Photo courtesy of Diane DammeyerPhoto courtesy of Diane Dammeyer
Fellowship creates new partnership between Columbia College Chicago and Heartland Alliance.

Columbia College Chicago gained a new post-graduate fellowship this year thanks to the generosity of alumna Diane Dammeyer (’99). Dammeyer made a $600,000 pledge in April 2014 to fund the creation of the Diane Dammeyer Fellowship in Photographic Arts and Social Issues, which completes its first year this May.

Dammeyer’s pledge is the largest alumni gift in Columbia’s history.
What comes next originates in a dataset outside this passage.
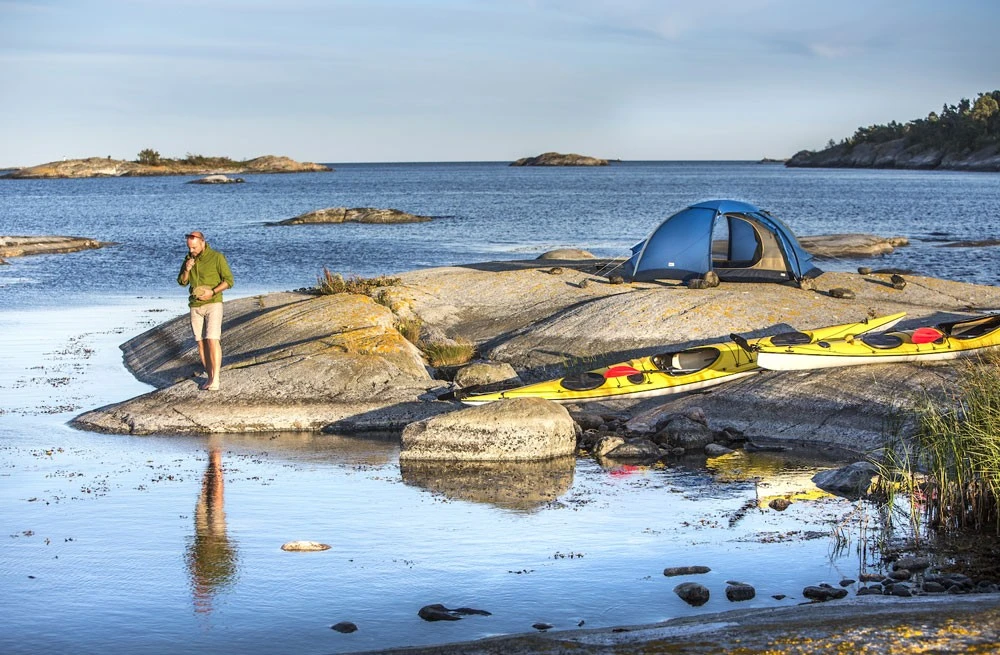 FJÄLLRÄVEN Kuppelzelt Keb Dome 3 Bis 4 Pers., Pine Green, Unisex Kuppelzelt Keb Dome 3 6 FJÄLLRÄVEN Kuppelzelt Keb Dome 3 Bis 4 Pers., Pine Green, Unisex Kuppelzelt Keb Dome 3 – Bild 4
The fellowship provides funding for a photographer to create a new body of work that is informed by their involvement with both Columbia’s Department of Photography and Heartland Alliance, a leading global anti-poverty organization based in Chicago.

“It’s the first example of a funded project that really tests what it means to put a creative practitioner with a social service agency in a meaningful way,” said Kwang-Wu Kim, President and CEO of Columbia College Chicago. “This is an endowed gift for a project that is directly related to what the college says is critically important.”
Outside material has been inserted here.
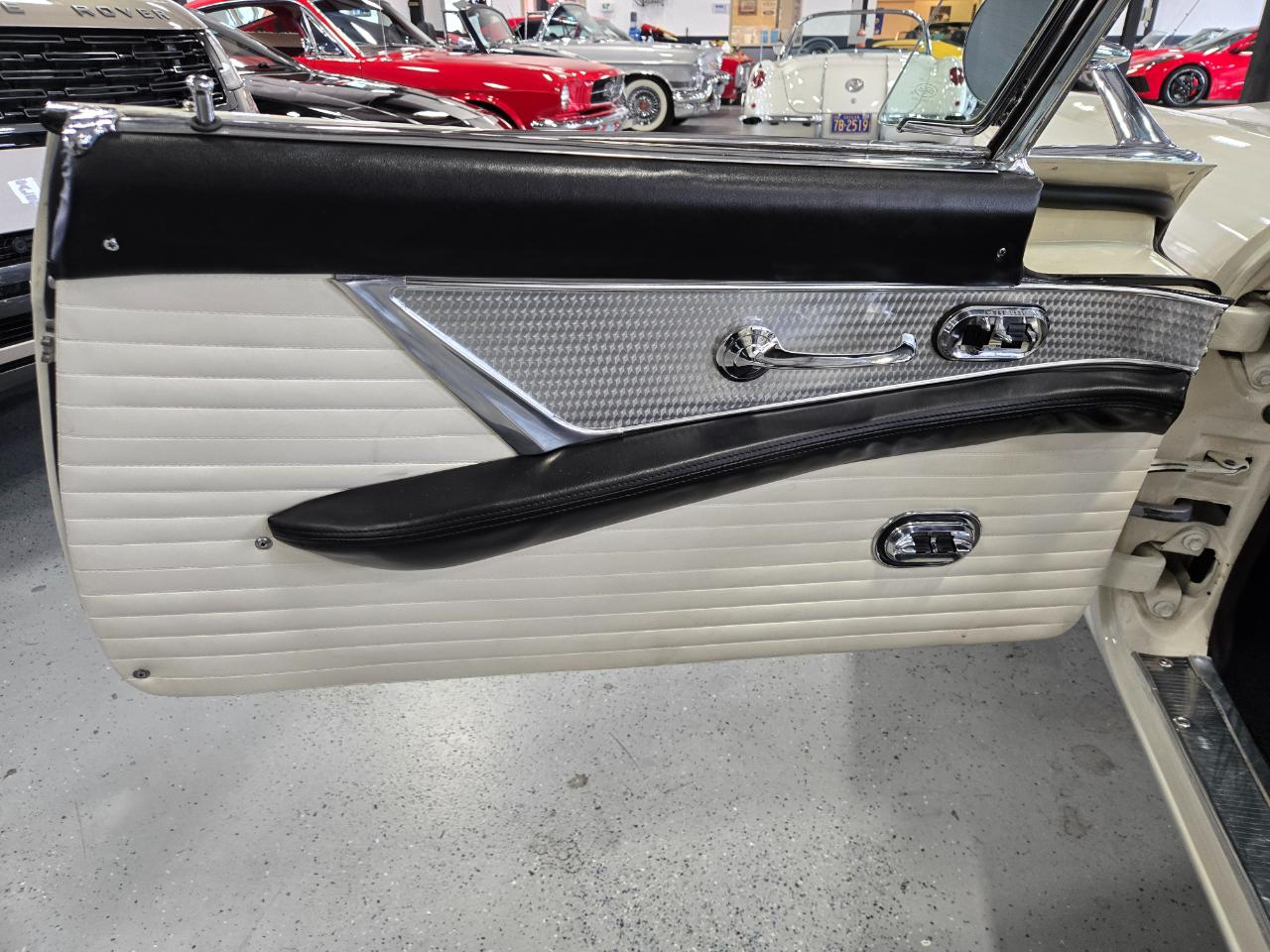 Ford Thunderbird  1956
According to Kim, community engagement offers a pathway for all students to develop a deeper authenticity in their work, providing an avenue to reflect on why their work matters and how it connects to a broader audience.

Evelyn Diaz, president of Heartland Alliance, is also enthusiastic about the partnership the fellowship affords. “We know that Columbia is committed to greater community engagement, and we see this fellowship as a concrete way to bridge two institutions making an impact in the region,” she said.

Fereshteh Toosi, the 2015-16 Dammeyer Fellow, has spent her year building relationships with the residents of Leland Apartments, an affordable housing building run by Heartland Alliance in the Uptown neighborhood of Chicago. Toosi has led workshops with residents, sharing with them accessible photographic techniques such as scannergrams, thermal portraits, direct animation and chemigrams.

On Saturday, May 21 at 2 p.m., Toosi will host her final presentation at the Bezazian Branch of the Chicago Public Library in Uptown. The event is open to the public and will include a screening of collaborative animation by Leland Apartments residents as well as an expanded cinema piece by Toosi that incorporates live music and manipulation of archival educational films. Photography professor and faculty mentor Judy Natal said Toosi’s multi-platformed work makes important connections between the language of poverty and the media surrounding issues of poverty in America.

Dammeyer discovered her own passion for socially-engaged photography when she was a student at Columbia, not long after retiring from a successful career in real estate. At the same time that she was taking classes she was also serving on the board of Heartland Alliance. “I needed to learn a lot about the programs at Heartland, so I decided to go around and photograph them and include them in my assignments,” said Dammeyer. Shortly thereafter, Dammeyer took her camera on the road, traveling internationally with Heartland Alliance to document the work they did with communities all over the globe.

It was this transformative life experience that made Dammeyer want to give back. “I just think it was a wonderful gift to me, to go to Columbia and to have my eyes opened,” she said. “I want other students coming along to have the benefits that I had and also to serve such a good purpose.”